Welcome to the forum, definitely not breaking any rules, this is a cool project!
I have a few thoughts that may help in debugging the pump:
You want to run it at the first resonance of the disk a so the higher order modes will not be the disk deforming up and down like in the diagram, it will instead be a much more interesting mode shape. The second eigenmode will probably be a symmetric and so there won’t be a change in volume in the chamber.
From the looks of the diagram the pumping mechanism seems to assume that the central chamber is full and that the vibrations are moving the water (air is compressible so ruins the efficiency). I cannot tell from your video but it looks like there is not much water in the system. (Of course filling it to the top with 130V going to the piezo is going to take some thinking about risk, some sort of dealing membrane may be worth considering)
I am not sure it will work pumping from the current containers, as unless the the output container is filled above the hole, air will seep into the system. What if you made the input chamber a bit larger, and gave it a lid. Then remove the output chamber so it is just a spout, and made it bit longer than in the current design. The aim would be to for the system to have the liquid in the input chamber not leaking out of the end by surface tension on the end of the spout, so it would probably require a fairly small hole. You would also need some clever way to tilt the system to purge all air from put pump container (hence the lid in the input chamber).
I assume the pumping force is pretty weak so you need to find another way to rely on surface tension. I Would not be surprised if it takes quite a lot of optimisation of the shapes and sizes of the components to get a noticeable force. The group that did this work seem to do a lot of simulations to get something with a pumping speed of a few uL/min.
Going to second Julian’s guess that there’s air in the system. And the volume of sound generated suggests the same conclusion. There may also be porosity in your print. The piezo disc may be leaking air where it attaches to the pump body.
If you’re going to pursue this angle, and you’re going to 3D print the device, you can also look into using a Tesla valve instead of “HSBB”.
On a pragmatic note, you can buy peristaltic pumps, some very small and suitable for microfluidics. These are metering pumps which may be useful for your application.
Some very good points by both of you. Yeah there is definitely more movement at the first resonance frequency.
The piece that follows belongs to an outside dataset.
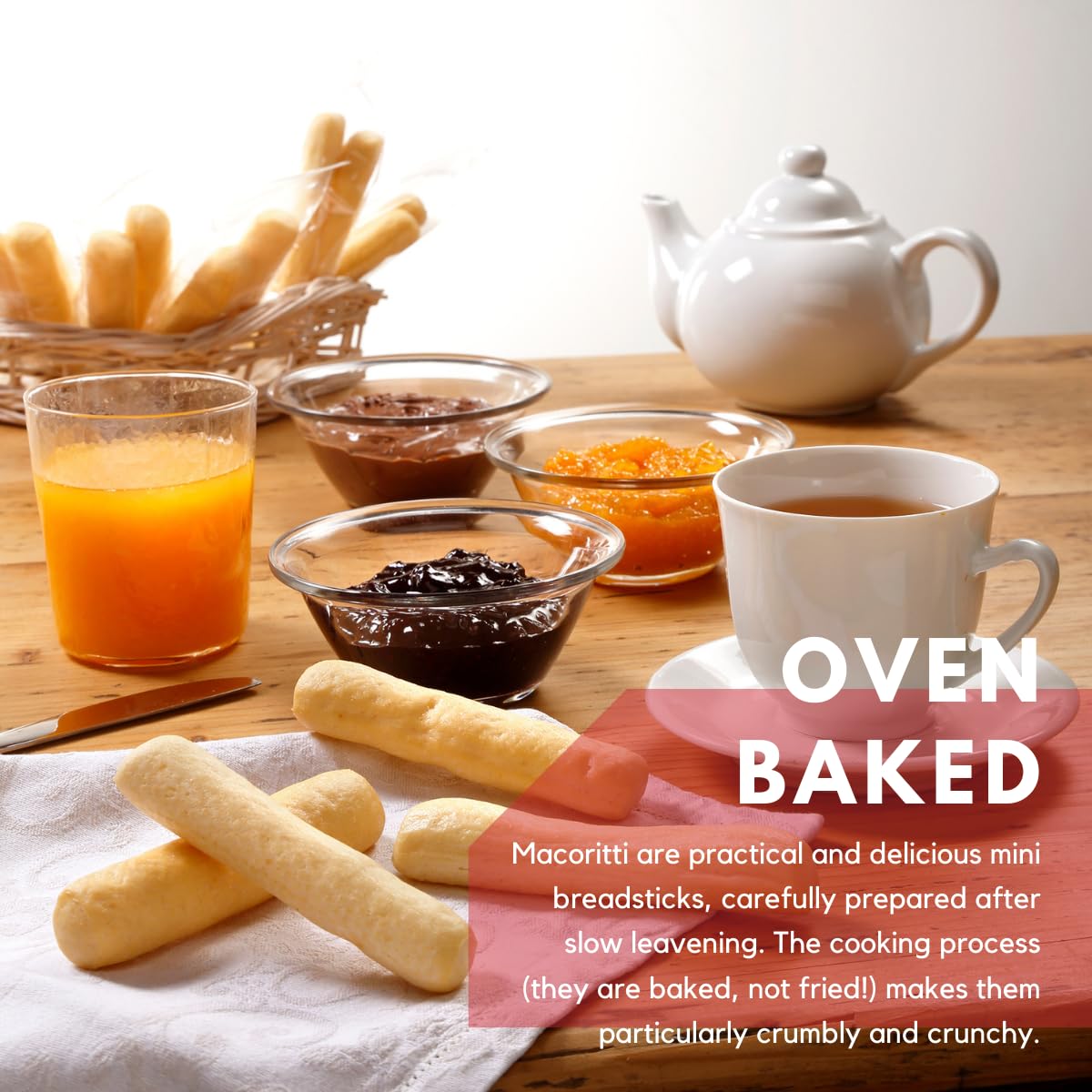 I Macoritti Maxi Breadsticks | Dip & Bread Sticks Snacks - Authentic Italian Bread Snack, Grab-And-Go Convenience, Oven-Baked, M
I will definitely have a look at the suggestion of air in the system. I have some silicon tubing that I will use in the next design instead of the input and output chambers. This way, I can have the tubing submerged in another reservoir, and prime the pump by manually pulling liquid through with a syringe through the output tube. This should eliminate air in the system. I’ll update if there is any success.
Also excellent idea about the Tesla Valve, that will be my next attempt, thanks!
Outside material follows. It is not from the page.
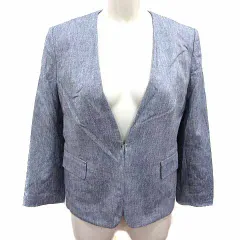 トゥモローランド TOMORROWLAND ノーカラージャケット 背抜き 麻混 リネン混 38 M 青 ブルー /YK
Some more notes: there doesn’t seem to be significant porosity in the print as the vessel holds water without leaks for a long period of time. There is also a thin layer of silicon between the piezo disc and the pump body so I don’t believe there are any leaks there.
Thanks for the suggestion Harold, I actually already have a working peristaltic pump for use with this project. What attracts me about the piezo pump is the size and the way it can be integrated into the pump body.
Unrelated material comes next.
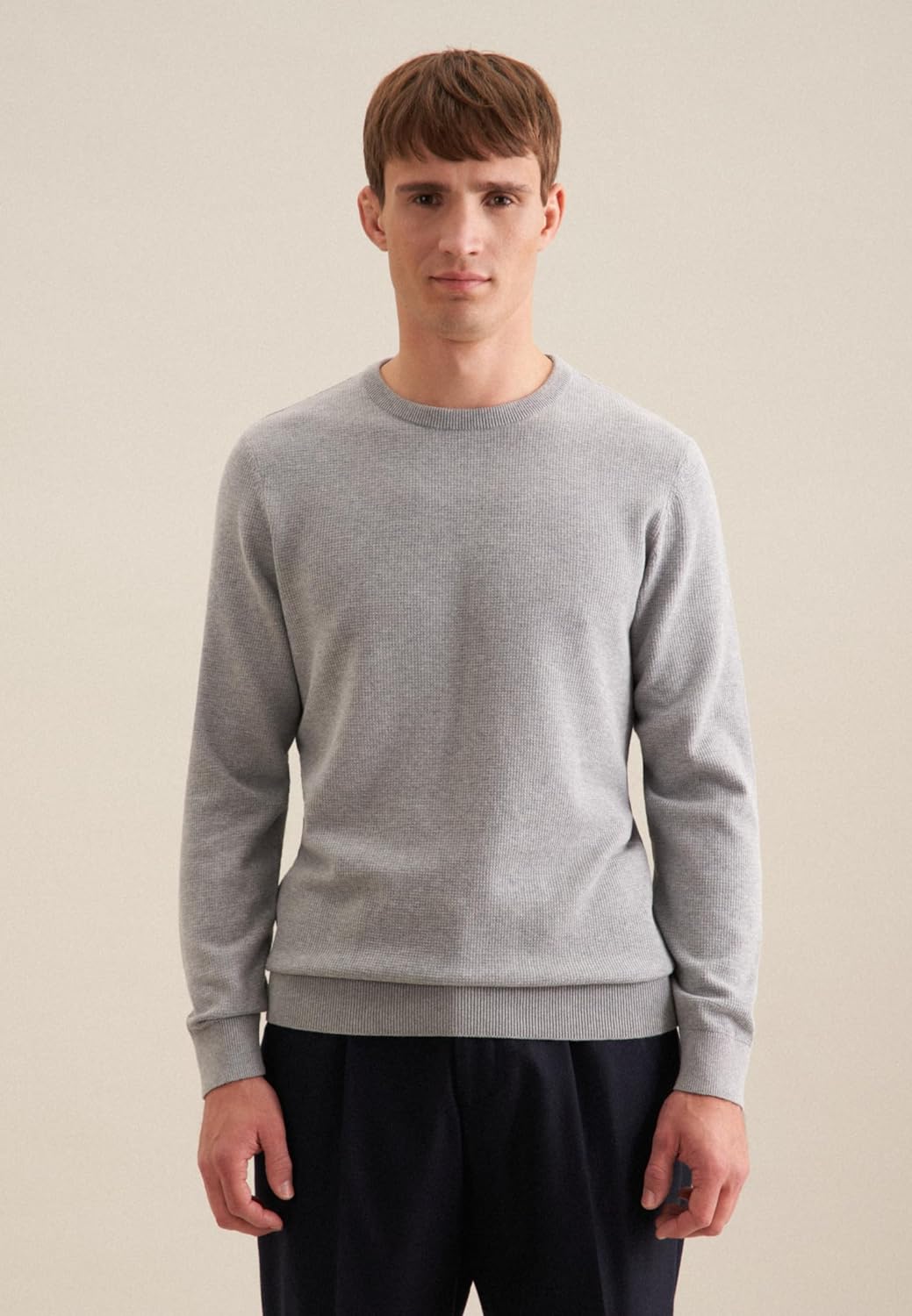 Seidensticker Herren Pullover - Regular Fit - Rundhalsausschnitt - Langarm - 100% Baumwolle L Grau,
Again, the help is much appreciated and if anyone has anymore ideas, please share!
Just a quick update on this post, and a BIG thank you to both of the responders! I finally got some pumping.
So I changed a couple of things: As was suggested, I replaced the input and output chambers with silicon tubing. As Harold suggested, I ditched the HSBB and replaced it with a Tesla Valve. I also put hot glue over the edges of the piezo disc to improve the seal and safety.
Even with a Tesla valve with only one baffle, there is some decent flow rate (relatively speaking). The noise is also greatly reduced with a triangle wave instead of the previous square wave. There’s about 30 mm head pressure developed.
Please see the Cad Model of the new valve and a video of the pump working.
Once again, thanks so much for the suggestions from both of you, I would’ve still been scratching my head if I hadn’t come here :D.
Well I’m back with another question for you guys. I expected the most pumping to occur at the resonant frequency of the Piezo disc, which is 3.6 kHz. The actual best pumping frequency is much much lower at around 80 Hz.
Does anyone have any ideas as to why there’s such a big difference?
You said what I was thinking! it reflects what I’m seeing when the pump is in operation. At lower frequency (for example as low as 1 Hz), the fluid moves much more per stroke than at high frequencies.
But of course there is a balance between how many strokes per second and amount of fluid displaced per stroke to get the highest flow rate (which is what the 80 Hz seems to be). As the frequency goes much higher than 100 Hz, the water doesn’t seem to have enough time to react just like you said, before the next cycle begins.
I hadn’t thought of the fact that the resonant frequency of the disk changes when clamped, very good point. I was getting the resonance frequency of 3.6 kHz from the disc data sheet, but this is most likely when the disc is not fixed to anything, and in contact with air only…
Final note, that other papers that deal with piezo-pumps also mention optimum driving frequencies of around 100 Hz.
Hi Adrian, It’s working well after many changes to the design. I’m writing a paper on it at the moment which will be open source after publication. I’ll be happy to link to it here when that happens. In the meantime, if you, or anyone else, can think of some applications for a pump like this in microfluidics, please do mention it here, I’d appreciate it.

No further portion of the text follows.